● **AIM OF THE EXERCISE**: For the listing below, output exactly the lines from the line with "Blink 182 Noblesville" up to and including the line with "Monoform Dark Blue Check Full Sleeve Shirt", and no other lines.

══ GIVEN RECORDS ══

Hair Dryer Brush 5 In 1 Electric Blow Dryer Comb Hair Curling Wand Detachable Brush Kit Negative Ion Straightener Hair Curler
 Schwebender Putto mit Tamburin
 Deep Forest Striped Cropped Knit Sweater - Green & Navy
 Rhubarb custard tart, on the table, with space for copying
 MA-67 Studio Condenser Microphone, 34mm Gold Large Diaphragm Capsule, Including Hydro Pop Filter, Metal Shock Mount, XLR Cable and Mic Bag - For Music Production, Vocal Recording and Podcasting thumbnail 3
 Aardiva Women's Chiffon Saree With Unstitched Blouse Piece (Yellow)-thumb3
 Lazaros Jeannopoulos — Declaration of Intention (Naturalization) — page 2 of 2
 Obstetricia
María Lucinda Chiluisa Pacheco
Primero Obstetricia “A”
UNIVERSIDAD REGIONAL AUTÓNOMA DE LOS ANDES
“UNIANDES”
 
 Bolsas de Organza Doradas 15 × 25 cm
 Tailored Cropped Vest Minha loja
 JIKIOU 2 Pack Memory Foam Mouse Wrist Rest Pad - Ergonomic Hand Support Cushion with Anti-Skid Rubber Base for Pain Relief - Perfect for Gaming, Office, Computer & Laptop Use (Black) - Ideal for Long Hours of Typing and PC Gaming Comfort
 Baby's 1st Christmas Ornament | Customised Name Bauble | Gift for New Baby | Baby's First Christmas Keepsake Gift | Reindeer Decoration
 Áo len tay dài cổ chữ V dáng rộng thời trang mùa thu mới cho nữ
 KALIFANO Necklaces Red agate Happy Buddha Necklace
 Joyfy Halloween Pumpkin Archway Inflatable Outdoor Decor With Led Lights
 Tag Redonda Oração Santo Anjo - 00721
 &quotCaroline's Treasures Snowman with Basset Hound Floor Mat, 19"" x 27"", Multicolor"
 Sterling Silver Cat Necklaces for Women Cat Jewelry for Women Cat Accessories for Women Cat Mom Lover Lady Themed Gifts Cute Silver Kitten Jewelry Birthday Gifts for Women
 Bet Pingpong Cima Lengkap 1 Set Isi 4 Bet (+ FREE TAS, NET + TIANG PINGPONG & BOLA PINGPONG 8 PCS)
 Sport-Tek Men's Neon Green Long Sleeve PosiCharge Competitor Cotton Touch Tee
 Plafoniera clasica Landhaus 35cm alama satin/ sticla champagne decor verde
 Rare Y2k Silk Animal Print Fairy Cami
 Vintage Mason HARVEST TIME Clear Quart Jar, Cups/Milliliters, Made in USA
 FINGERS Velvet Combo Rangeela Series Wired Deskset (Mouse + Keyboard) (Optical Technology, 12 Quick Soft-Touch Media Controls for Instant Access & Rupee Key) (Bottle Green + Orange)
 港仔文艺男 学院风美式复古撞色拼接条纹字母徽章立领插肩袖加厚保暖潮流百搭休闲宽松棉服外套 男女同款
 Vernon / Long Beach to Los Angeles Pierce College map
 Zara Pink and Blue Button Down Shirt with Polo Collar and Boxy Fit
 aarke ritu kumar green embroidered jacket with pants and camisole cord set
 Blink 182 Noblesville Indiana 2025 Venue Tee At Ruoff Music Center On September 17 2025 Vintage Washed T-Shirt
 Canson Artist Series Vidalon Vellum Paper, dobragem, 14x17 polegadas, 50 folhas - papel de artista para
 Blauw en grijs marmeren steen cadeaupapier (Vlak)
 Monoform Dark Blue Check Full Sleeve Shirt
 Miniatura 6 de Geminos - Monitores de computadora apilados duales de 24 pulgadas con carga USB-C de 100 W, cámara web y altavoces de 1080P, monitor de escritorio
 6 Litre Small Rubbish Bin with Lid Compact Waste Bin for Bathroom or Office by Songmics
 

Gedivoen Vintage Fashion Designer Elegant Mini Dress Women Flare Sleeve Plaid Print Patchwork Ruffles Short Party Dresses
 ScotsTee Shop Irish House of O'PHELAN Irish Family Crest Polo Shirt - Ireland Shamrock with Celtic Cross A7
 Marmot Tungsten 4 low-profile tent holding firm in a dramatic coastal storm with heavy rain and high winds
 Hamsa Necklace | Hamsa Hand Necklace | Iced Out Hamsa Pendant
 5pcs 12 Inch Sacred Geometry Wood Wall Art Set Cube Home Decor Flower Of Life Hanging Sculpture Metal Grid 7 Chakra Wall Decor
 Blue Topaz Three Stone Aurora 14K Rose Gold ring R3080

═══

● **OUTPUT OF THE EXERCISE**:
 Blink 182 Noblesville Indiana 2025 Venue Tee At Ruoff Music Center On September 17 2025 Vintage Washed T-Shirt
 Canson Artist Series Vidalon Vellum Paper, dobragem, 14x17 polegadas, 50 folhas - papel de artista para
 Blauw en grijs marmeren steen cadeaupapier (Vlak)
 Monoform Dark Blue Check Full Sleeve Shirt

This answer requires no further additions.